Physics news on Phys.org
  • #2
As “a“ increases, the potential energy increases. What does this say about the direction of the slope of the plane?
 
  • #3
Hi,

Please clarify your symbols and don't jump around from ##a## to ##s##.
You have ##\mathcal L = T - V##. Write it out and write out the Euler- Lagrange equation.

(and learn some ##\LaTeX## ...)

##\ ##
 
  • #4
Sorry about the mixup with the variables. I used "s" in my handwritten sketch, but changed it to "a" because "ssin" looks strange on the screen. As for Latex, I actually did learn it, but I never use it because writing equations is much easier with MS Word, and I have forgotten all my Latex.

Anyway, here is my Lagrangian again (awkwardly written):

L = T - U = 1/2m(da/dt)2 - mgasin(b). And the solution of the Euler-Lagrange equation is md2a/dt2 = -mgsin(b).

About the direction of the slope: I don't know what to make of this. As the mass slides down the incline, its potential energy decreases, from a more positive value to a less positive value. So on any one point on the slope the potential energy is positive. Why would someone write U = -mgh?
 
  • #5
Rick16 said:
Sorry about the mixup with the variables. I used "s" in my handwritten sketch, but changed it to "a" because "ssin" looks strange on the screen. As for Latex, I actually did learn it, but I never use it because writing equations is much easier with MS Word, and I have forgotten all my Latex.
It doesn't look strange if you write it in Latex. It takes all of 15 min to become proficient enough for what you wish to express here. Click on this link Learn LaTeX it explains how latex is used on this site.
 
  • #6
Okay, if you insist. I now rename my variables to ##s## for the displacement of the mass and ##\theta## for the angle that the incline makes with the horizontal.

Then the Lagrangian is: $$\mathcal {L}=\frac 1 2 m \dot s^2 - mgs \sin \theta$$

And the resulting equation of motion is $$m \ddot s = -mg \sin \theta$$

This looks certainly better, but it is still wrong, or so I believe.
 
  • Like
  • Care
Likes malawi_glenn, berkeman and Dale
  • #7
The potential ! Does it increase or decrease with ##s## ?

##\ ##
 
  • Like
Likes erobz
  • #8
Rick16 said:
Okay, if you insist. I now rename my variables to ##s## for the displacement of the mass and ##\theta## for the angle that the incline makes with the horizontal.

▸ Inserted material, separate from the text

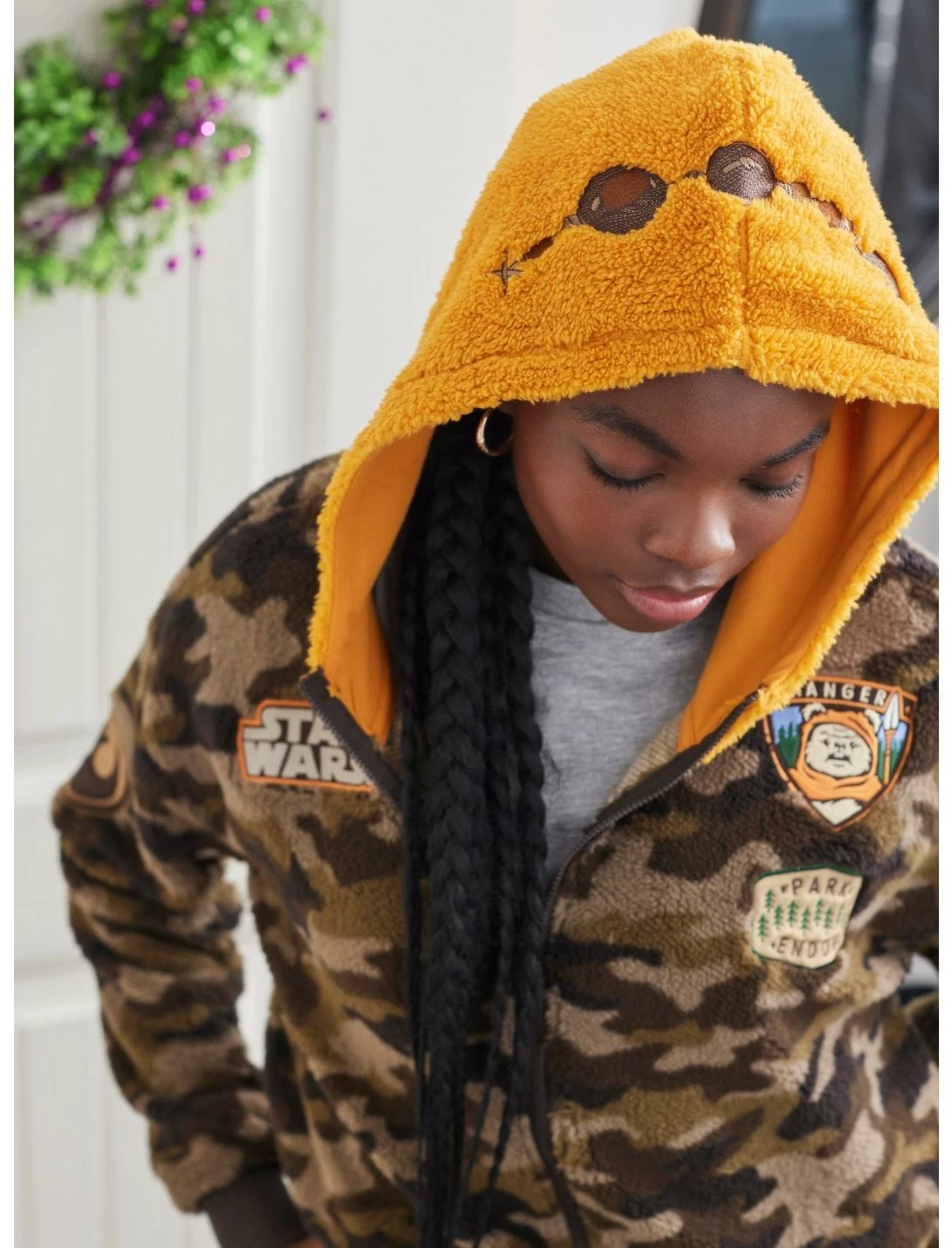 HUNIVERS Her Universe Star Wars Ewok Sherpa Camouflage Hoodie - Image 4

Then the Lagrangian is: $$\mathcal {L}=\frac 1 2 m \dot s^2 - mgs \sin \theta$$

And the resulting equation of motion is $$m \ddot s = -mg \sin \theta$$

This looks certainly better, but it is still wrong, or so I believe.
Ok, ##s## is down the slope. You apparently chose your PE = 0 datum at the top of the incline, but take the change in potential energy as positive. Thats where the problem is.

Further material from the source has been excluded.